New Hotel Reservation Scam Targets Travelers: How to Protect Yourself

New Hotel Reservation Scam Targets Travelers: How to Protect Yourself

June 25, 2026 discoverhiddenusacom Business

A new lodging reservation scam is targeting travelers by using breached data to send phishing emails containing exact confirmation numbers and travel dates. According to Eva Velasquez, CEO of the Identity Theft Resource Center (ITRC), these attacks stem from data breaches of reservation systems at hotels and rental properties across the United States.

The scam begins with an email that appears to come from a hotel or rental property. This message includes the traveler’s specific reservation details and a link to confirm information. Once clicked, the link opens a form requesting a name, email, phone number, date of birth, and payment amount.

Kara Kenney of Indiana’s I-Team reported receiving such an email. Had the process continued, a subsequent page would have requested credit card information. The rental property later confirmed to Kenney that they did not send the communication.

Did You Know? 81 percent of small businesses have suffered a cyberattack.

Why is this reservation scam so convincing?

The effectiveness of this phishing attempt relies on the accuracy of the data used. Velasquez stated that the scams look legitimate because bad actors have infiltrated reservation systems to gather valid, specific information about individual trips.

Why is this reservation scam so convincing?

Velasquez noted that reservation systems are separate from financial data systems. Scammers use this gap to target the additional financial information, such as credit card numbers, that they do not already possess.

Expert Insight: Samantha Carter notes that the shift toward “spear-phishing” represents a significant escalation in risk. By automating the delivery of highly personalized data, attackers can target specific individuals at a scale and speed that makes traditional “gut-feeling” detection unreliable.

How are cyberattacks evolving for travelers?

Abhishek Karnik, Head of Threat Research and Response at McAfee, described the current threat landscape as “incomprehensible.” He stated that scams are no longer generic but are instead “spear-fished,” meaning they target specific individuals in an extremely automated manner.

How are cyberattacks evolving for travelers?

McAfee conducted a scan of screenshots provided by Indiana’s I-Team, which confirmed the linked website was a scam and appeared on a list of known threats. Karnik advised that users can no longer rely on intuition to spot these targeted attacks.

How can travelers protect their information?

The most effective protection is to stop before clicking any links and contact the lodging property directly. AARP suggests using WhoIs.com to verify domain ownership; for example, a site for a major brand like Hyatt or Hertz based in Nigeria is a red flag.

Kara Kenney, Investigative Reporter for WRTV-Indianapolis

The Georgia Attorney General’s Consumer Protection Division states that reputable travel agents typically confirm reservations before requesting payment. Travelers should avoid using search terms like “cheap rental cars,” as these can lead to bogus companies that pay for top ad placements.

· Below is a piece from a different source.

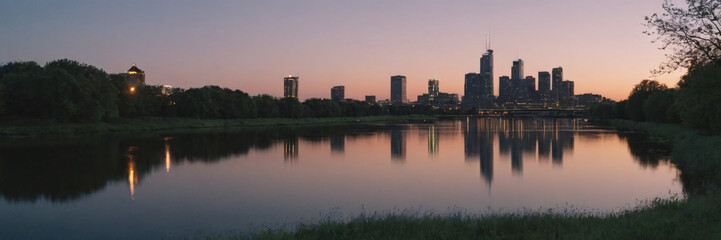 Fototapeta na wymiar Sunset and Greater City in the background of a beautiful river lake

The FTC recommends verifying vacation rental ownership through tax assessor websites. If the person renting the property is not the listed owner, it may be a scam. The FTC also warns against paying via gift cards, wire transfers, or cryptocurrency, as these funds are nearly impossible to recover.

Additional safety measures include using a virtual private network (VPN) or smartphone hotspot instead of public Wi-Fi. For international travel, the U.S. State Department Bureau of Consular Affairs is the only recommended source for visa procedures to avoid third-party identity theft scams.

What may happen next for travel security?

Cybersecurity firms may likely increase the deployment of automated scam detection tools as spear-phishing becomes more common. Travelers could see a rise in the use of third-party verification services to confirm property ownership before payment.

What may happen next for travel security?

Industry analysts may expect more lodging providers to integrate their reservation and financial systems into more secure, unified architectures to prevent the type of infiltration described by the ITRC.

Frequently Asked Questions

How do scammers get my exact reservation number?
According to Eva Velasquez of the ITRC, scammers are compromising reservation systems at hotels and rental properties through data breaches.

Which payment methods should I avoid when booking travel?
The FTC and other experts warn against using gift cards, wire transfers, cryptocurrency, Zelle, and Venmo, as these lack the fraud protections offered by credit cards.

What should I do if I clicked a suspicious link?
You can run a security scan on your device to check for viruses or malware.

Have you ever received a travel confirmation email that seemed slightly off?